English Pea Soup with Mint with Andrew
Andrew Carmellini, the executive chef at Cafe Boulud, shares a recipe for English pea soup with mint.
- Servings: 6
Source: Martha Stewart Living Television
- Coarse salt
- 3 cups shelled English sweet peas (from about 3 pounds peas in the pod)
- 1 tablespoon extra-virgin olive oil
- 6 spring onions, white parts only, thinly sliced
- Pinch crushed red-pepper flakes
- 4 cups Homemade Chicken Stock
- 15 sprigs fresh mint, leaves only
- 3 tablespoons creme fraiche
- Freshly ground white pepper
- Garlic Croutons
Bring a large pot of water to a boil; add a generous amount of salt. Add peas, and cook for 5 minutes. Drain, and run under cold water to stop cooking, then drain again; set aside.
Heat oil in a medium saucepan over medium heat. Add onions and cook, stirring frequently, until tender and translucent, but not brown, about 5 minutes. Stir in crushed red-pepper flakes and stock. Bring to a boil. Reduce to a simmer, and cook for 15 minutes.
Place half of the cool peas in blender jar with half of the simmered broth. Cover lid with a kitchen towel, as hot liquid will expand when blended. Puree until smooth. Add half of the creme fraiche and half of the mint, and puree. Pass through a fine-mesh sieve into a clean saucepan.
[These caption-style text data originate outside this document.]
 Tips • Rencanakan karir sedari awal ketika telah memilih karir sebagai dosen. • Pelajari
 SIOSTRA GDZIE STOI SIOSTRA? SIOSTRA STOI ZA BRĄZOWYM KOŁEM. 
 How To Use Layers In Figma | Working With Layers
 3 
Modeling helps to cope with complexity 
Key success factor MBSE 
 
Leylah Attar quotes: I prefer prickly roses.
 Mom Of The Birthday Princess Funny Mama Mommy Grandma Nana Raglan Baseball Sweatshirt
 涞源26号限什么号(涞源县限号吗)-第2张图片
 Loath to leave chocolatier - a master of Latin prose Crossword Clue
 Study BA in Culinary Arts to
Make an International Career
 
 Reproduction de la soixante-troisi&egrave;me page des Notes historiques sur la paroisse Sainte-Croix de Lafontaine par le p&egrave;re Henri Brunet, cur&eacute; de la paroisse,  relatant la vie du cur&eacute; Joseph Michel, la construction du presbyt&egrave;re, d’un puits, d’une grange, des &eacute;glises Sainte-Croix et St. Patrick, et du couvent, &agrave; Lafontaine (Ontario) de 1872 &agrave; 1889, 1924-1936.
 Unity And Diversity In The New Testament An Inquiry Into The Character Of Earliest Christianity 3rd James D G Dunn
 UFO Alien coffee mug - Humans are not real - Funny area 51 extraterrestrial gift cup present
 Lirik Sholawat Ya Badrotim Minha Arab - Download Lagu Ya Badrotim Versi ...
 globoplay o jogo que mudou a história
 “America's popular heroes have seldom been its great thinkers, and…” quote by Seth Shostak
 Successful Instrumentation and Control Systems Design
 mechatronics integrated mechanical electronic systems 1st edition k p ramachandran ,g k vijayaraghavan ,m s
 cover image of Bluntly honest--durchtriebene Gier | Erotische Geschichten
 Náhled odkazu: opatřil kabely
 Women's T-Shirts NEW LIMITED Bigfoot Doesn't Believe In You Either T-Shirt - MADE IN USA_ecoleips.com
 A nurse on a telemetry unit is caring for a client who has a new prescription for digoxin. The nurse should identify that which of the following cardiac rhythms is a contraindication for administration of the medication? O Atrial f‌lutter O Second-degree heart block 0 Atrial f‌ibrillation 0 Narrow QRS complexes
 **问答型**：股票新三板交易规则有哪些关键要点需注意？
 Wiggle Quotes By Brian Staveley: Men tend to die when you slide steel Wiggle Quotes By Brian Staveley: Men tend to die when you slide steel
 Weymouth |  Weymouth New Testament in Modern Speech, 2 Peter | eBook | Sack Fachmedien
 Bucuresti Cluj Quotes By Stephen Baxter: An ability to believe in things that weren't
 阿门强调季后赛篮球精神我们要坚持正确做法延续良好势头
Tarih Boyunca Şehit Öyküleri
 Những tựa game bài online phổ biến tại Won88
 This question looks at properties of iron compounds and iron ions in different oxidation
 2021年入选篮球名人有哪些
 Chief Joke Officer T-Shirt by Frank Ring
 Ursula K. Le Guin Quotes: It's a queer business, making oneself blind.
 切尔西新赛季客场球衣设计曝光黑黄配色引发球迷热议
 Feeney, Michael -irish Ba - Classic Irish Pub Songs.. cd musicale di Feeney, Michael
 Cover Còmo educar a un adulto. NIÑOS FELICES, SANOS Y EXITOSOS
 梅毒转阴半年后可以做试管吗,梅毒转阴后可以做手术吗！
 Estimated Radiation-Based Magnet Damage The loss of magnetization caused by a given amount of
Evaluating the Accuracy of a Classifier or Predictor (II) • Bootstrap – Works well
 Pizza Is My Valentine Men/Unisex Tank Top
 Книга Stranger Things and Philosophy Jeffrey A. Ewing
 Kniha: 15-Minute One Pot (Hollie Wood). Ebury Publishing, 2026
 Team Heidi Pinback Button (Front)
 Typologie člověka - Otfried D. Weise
Repeat with remaining peas, broth, creme fraiche, and mint.
Place saucepan over medium heat until hot. Taste, and adjust for seasoning. The soup may be cooled completely at this point and stored refrigerated in an airtight container for up to 3 days or frozen for up to one month. Bring soup to a boil before serving.
Ladle soup into warm bowls and serve with croutons.